With increasing deposition time, the alignment in the collagen-PCL nanofibers is lost. However, a densely packed collagen-PCL nanofibrous mesh with high content of collagen (50 %) is obtained over the PCL-coated 45S5 BG scaffolds. The most important advantage of 45S5 bioactive glass, making it a promising material for bone scaffold fabrication, is the ability of its surface to react readily with the surrounding biological medium. It is well known that 45S5 BG exhibits high bioactivity (Class A biomaterial) and it is both osteoconductive and osteogenic [12]. Following the in vitro studies of the present bi-layered construct in SBF for 21 days, it was found that the PCL coating does not interfere with the formation of hydroxyapatite on the scaffold surfaces and therefore, the bioactivity of the 45S5 BG scaffolds is not compromised by the presence of the coating. This may be due to the fact that PCL coating was not completely homogeneous leaving parts of the strut surfaces directly exposed to SBF. It was also noticed that the lower side of the collagen-PCL nanofibrous mesh, which was in contact with the PCL-coated 45S5 BG surfaces, was highly mineralized and the formation of hydroxyapatite crystals was confirmed (Fig. 4b) along the nanofibrous morphology. This structure is very similar to the native calcified cartilage zone where endochondral ossification occurs and the cartilage is mineralized with calcium phosphate [48]. When complete mineralization occurs, chondrocytes undergo apoptosis, blood vessels invade this zone and new bone is laid down by osteoblasts [48].

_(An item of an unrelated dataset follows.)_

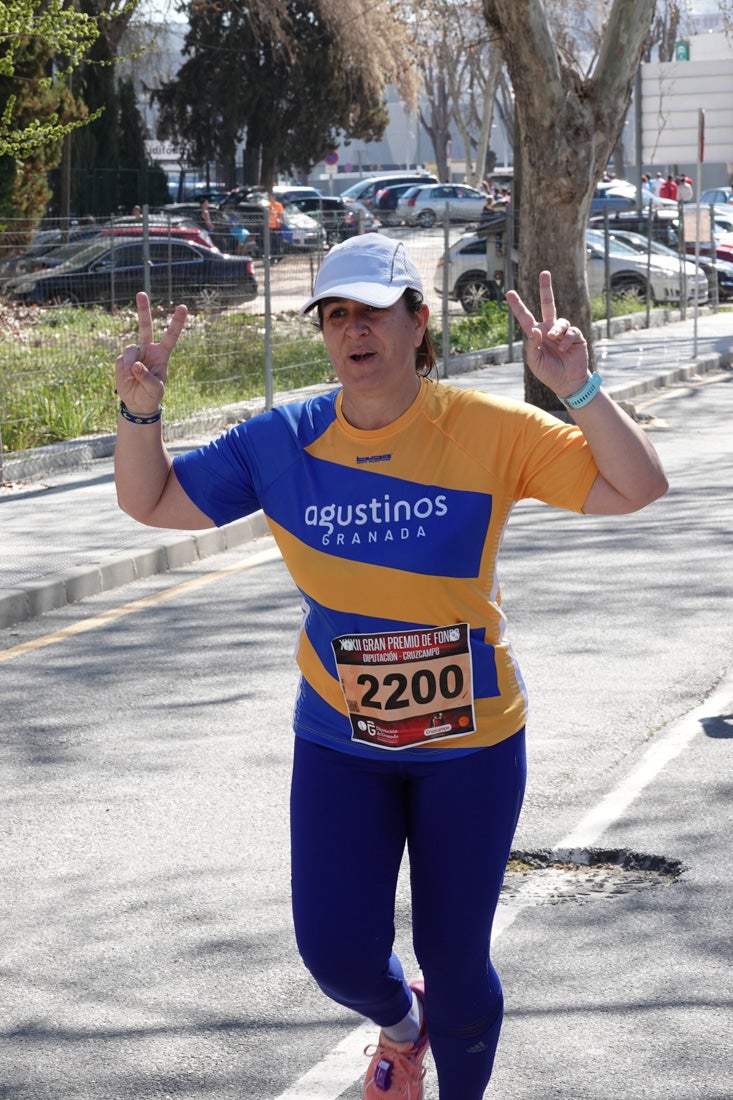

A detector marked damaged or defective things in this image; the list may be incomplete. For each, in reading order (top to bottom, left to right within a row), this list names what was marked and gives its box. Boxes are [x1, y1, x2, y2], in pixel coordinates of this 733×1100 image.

pothole patch [499, 844, 682, 906]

A variety of biomaterials such as bioactive glasses and biopolymers such as PDLLA, PCL, collagen, chitosan, gelatin and alginate combined with several processing techniques such as foam replica method, freeze drying and electrospinning have been used to develop layered constructs for interface tissue engineering [8, 10, 11, 4951]. Taking cues from these previous works, we successfully fabricated for the first time a bi-layered structure consisting of a trabecular-bone shaped scaffold made of 45S5 BG and a collagen-containing fibrous mesh resembling the articular cartilage. The presence of collagen in the structure and also the formation of hydroxyapatite due to the reactivity of the BG will stimulate a physiologically relevant environment for the cells to adhere and proliferate, and therefore the scaffolds developed in this study constitute a promising alternative for osteochondral TE applications. As a future perspective, it is necessary to investigate the interfacial strength and possible delamination of the electrospun fibers from the porous 45S5 BG scaffold. Also, cell biology studies will provide understanding of the cell growth, differentiation and migration on the bi-layered constructs.

5 Conclusions

In summary, a bioinspired bi-layered scaffold using bioactive 45S5 BG and biodegradable fibrous layers of collagen-PCL has been developed. Foam replication technique produced highly porous, dense 45S5 BG-based scaffolds similar to the spongy bone structure. Dip-coating by PCL significantly enhanced the mechanical competence of the scaffolds. Electrospinning was used to build a layer of submicrometric collagen-PCL fibrous mesh over the BG scaffolds. Thin layers of electrospun collagen-PCL meshes over the 45S5 BG scaffolds showed alignment of the fibers in between the struts which is hypothesized to be advantageous for the flattening, elongation and attachment of chondrocytes. Results from in vitro SBF studies of the bi-layered constructs showed that the bioactivity of the 45S5 BG-based scaffolds is not affected by the presence of the PCL coating. Mineralization occurred in the fibrous composite’s surface which is in contact with the PCL-coated scaffold. Hydroxyapatite crystals were found, which have grown along the surface of the collagen-PCL fibers. From these findings, we can conclude that the developed bi-layered construct has the ability to mimic the native tissue region and has the potential to be used for osteochondral TE.